# Car Insurance Risk Analysis

This notebook analyzes vehicle safety based on insurance claim data across different metrics:
- Collision: Cost index for collision claims
- Comprehensive (Comp): Cost index for comprehensive claims including theft
- DCPD (Direct Compensation Property Damage): Cost index for property damage claims
- AB (Accident Benefits): Frequency index for personal injury claims

In [1]:
import pandas as pd
import numpy as np
import seaborn as sns
import matplotlib.pyplot as plt
from typing import List

# Set style for better visualizations
plt.style.use('seaborn')
sns.set_palette('husl')

In [2]:
# Load and prepare the data
df = pd.read_csv('hcmu_e_2024.csv')

# Clean column names
df.columns = df.columns.str.strip()

# Display basic information about the dataset
print("Dataset Info:")
print(df.info())

print("\nSample of the data:")
print(df.head())

In [3]:
def calculate_safety_score(row):
    """Calculate overall safety score (lower is better)"""
    # Convert missing values to median for each column
    collision = row['Collision'] if pd.notna(row['Collision']) else df['Collision'].median()
    comp = row['Comp'] if pd.notna(row['Comp']) else df['Comp'].median()
    dcpd = row['DCPD'] if pd.notna(row['DCPD']) else df['DCPD'].median()
    ab = row['AB'] if pd.notna(row['AB']) else df['AB'].median()
    
    # Normalize and weight different factors
    # Higher weights for collision and accident benefits as they're more safety-critical
    weights = {
        'collision': 0.35,  # Collision severity
        'comp': 0.15,      # Comprehensive claims
        'dcpd': 0.20,      # Property damage
        'ab': 0.30         # Personal injury
    }
    
    return (
        collision * weights['collision'] +
        comp * weights['comp'] +
        dcpd * weights['dcpd'] +
        ab * weights['ab']
    )

# Calculate safety scores
df['safety_score'] = df.apply(calculate_safety_score, axis=1)

In [4]:
def get_top_safe_vehicles(df: pd.DataFrame, body_style: str, top_n: int = 5) -> pd.DataFrame:
    """Get the top N safest vehicles for a specific body style"""
    style_df = df[df['Body Style'] == body_style].copy()
    return (
        style_df
        .sort_values('safety_score')
        .head(top_n)
        [['Make', 'Model', 'Model Year', 'safety_score', 'Collision', 'Comp', 'DCPD', 'AB']]
    )

# Display top 5 safest vehicles for each body style
for style in df['Body Style'].unique():
    print(f"\nTop 5 Safest {style} Vehicles:")
    print(get_top_safe_vehicles(df, style))

In [5]:
# Visualization 1: Risk Metrics by Body Style
plt.figure(figsize=(12, 6))

metrics = ['Collision', 'Comp', 'DCPD', 'AB']
data_melted = df.melt(id_vars=['Body Style'], value_vars=metrics, var_name='Metric', value_name='Value')

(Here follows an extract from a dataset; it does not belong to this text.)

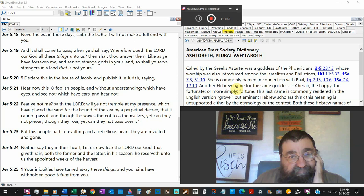Will you not tremble at my presence, which placed the sand for the bound of the sea by perpetual decree? God said, I put that sand there to stop the sea. Though the waters toss themselves, yet can they not prevail? There's going to be no worldwide flood coming.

sns.boxplot(x='Body Style', y='Value', hue='Metric', data=data_melted)
plt.title('Risk Metrics Distribution by Body Style')
plt.xticks(rotation=45)
plt.tight_layout()
plt.show()

In [6]:
# Visualization 2: Safety Score Trends Over Years
plt.figure(figsize=(12, 6))

yearly_avg = df.groupby(['Model Year', 'Body Style'])['safety_score'].mean().unstack()

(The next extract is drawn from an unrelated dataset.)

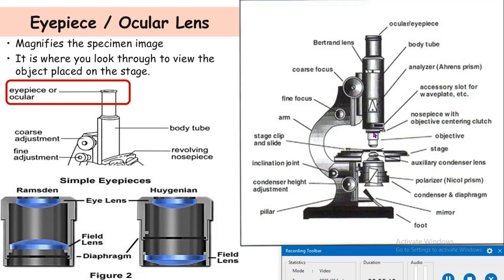The ocular or eyepiece magnifies the specimen image. It is where you look through to view the object placed on the stage. The removable lens assembly that fits into the top of the microscopic tube is called the ocular. The assembly consists of two plano-convex lenses: the small upper lens is called the eye lens and the large lower lens is called the field lens.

for style in yearly_avg.columns:
    plt.plot(yearly_avg.index, yearly_avg[style], marker='o', label=style)

plt.title('Average Safety Score Trends by Body Style')
plt.xlabel('Model Year')
plt.ylabel('Average Safety Score (lower is better)')
plt.legend(title='Body Style')
plt.grid(True)
plt.tight_layout()
plt.show()

In [7]:
# Analysis of Make Performance
make_analysis = df.groupby('Make').agg({
    'safety_score': 'mean',
    'Collision': 'mean',
    'Comp': 'mean',
    'DCPD': 'mean',
    'AB': 'mean',
    'Model': 'count'
}).round(2)

make_analysis = make_analysis.rename(columns={'Model': 'Number of Models'})
make_analysis = make_analysis.sort_values('safety_score')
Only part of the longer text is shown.